For the investment fund, Fry used the Vanguard Total Stock Market Index Fund, which has a long-term annual return of 5.38%, according to JPMorgan estimates. He said it’s important to remember that the market doesn’t go up by the same percentage every year: Some years offer better returns, while others may have negative returns.
In a simple comparison of interest rates, paying off the mortgage early wins. “A 5.84% interest rate on the loan is higher than the market’s expected rate of return. If the homeowner is locked into a higher interest rate, it’s best to pay off the debt first,” Fry says.
However, that’s not the best possible option. Since interest rates today are lower than the homeowner’s current rate, the homeowner would benefit from refinancing their mortgage, he says.

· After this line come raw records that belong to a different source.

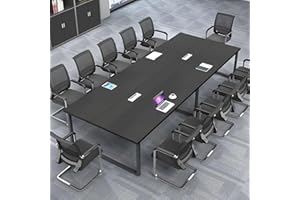 ZRBDDEF Grande Tavolo Riunioni Ufficio – Tavolo Conferenza Moderno con Passacavi,Struttura in Metallo Robusta,Design Rettangolare Nero-Bianco per 8–12 Persone (senza sedie)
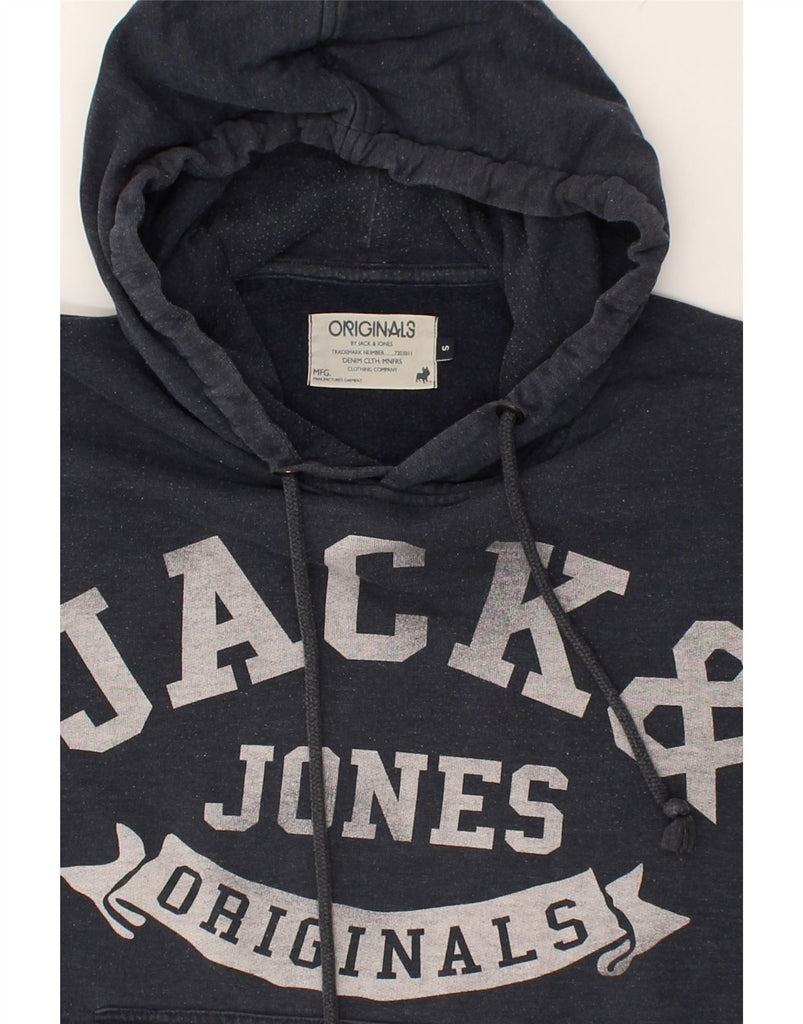 JACK & JONES Mens Graphic Hoodie Jumper Small Navy Blue Cotton | Vintage Jack & Jones | Thrift | Second-Hand Jack & Jones | Used Clothing | Messina Hembry 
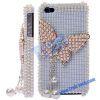 Luxurious Lovely Butterfly Diamond Case for iPhone 4(White)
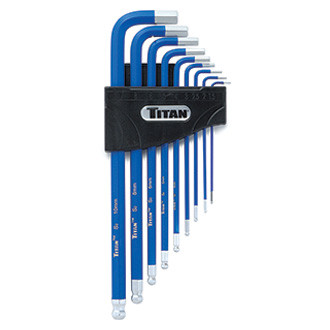 Titan Tools® - 9-Piece 1.5 to 10 mm Metric Non Slip Ball End Hex Key Set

Fry says the homeowner can refinance to a 15-year fixed-rate mortgage at an interest rate of 3.19% — over 2.6% lower than their current rate.
According to his calculations, if the homeowner refinances their mortgage and invests what they save on monthly payments plus $24,000 a year, in 15 years they will have paid off their loan and have an investment account balance of $623,701. Fry says this is the best option for the hypothetical homeowner, who already has an emergency fund and is maxing out their retirement accounts. If you don’t have your savings in order, take care of that first.
But unfortunately, investing in the stock market is a gamble and returns aren’t always consistent year after year. If the homeowner still refinances for the lower interest rate, but wants to act more conservatively, “they can pay off the mortgage and then invest and still come out OK,” Fry says. Their investment account balance at the end of 15 years would be $599,662.
Fry says the worst financial decision the homeowner could make would be spending their extra income and not refinancing their mortgage or investing. Since the goal is to build wealth, spending cash won’t move the needle.
The second worst option, according to Fry, would be ignoring the opportunity to refinance. Refinancing to lock in a lower interest rate can lower your monthly payments significantly, saving you thousands of dollars in interest over the life of the loan. As outlined above, whether you decide to pay off your mortgage more aggressively or invest aggressively, refinancing saves money.
Refinancing is best for people who aren’t planning to move any time soon, in part because there are closing costs that run between 1.5% to 4% of the remaining mortgage balance.”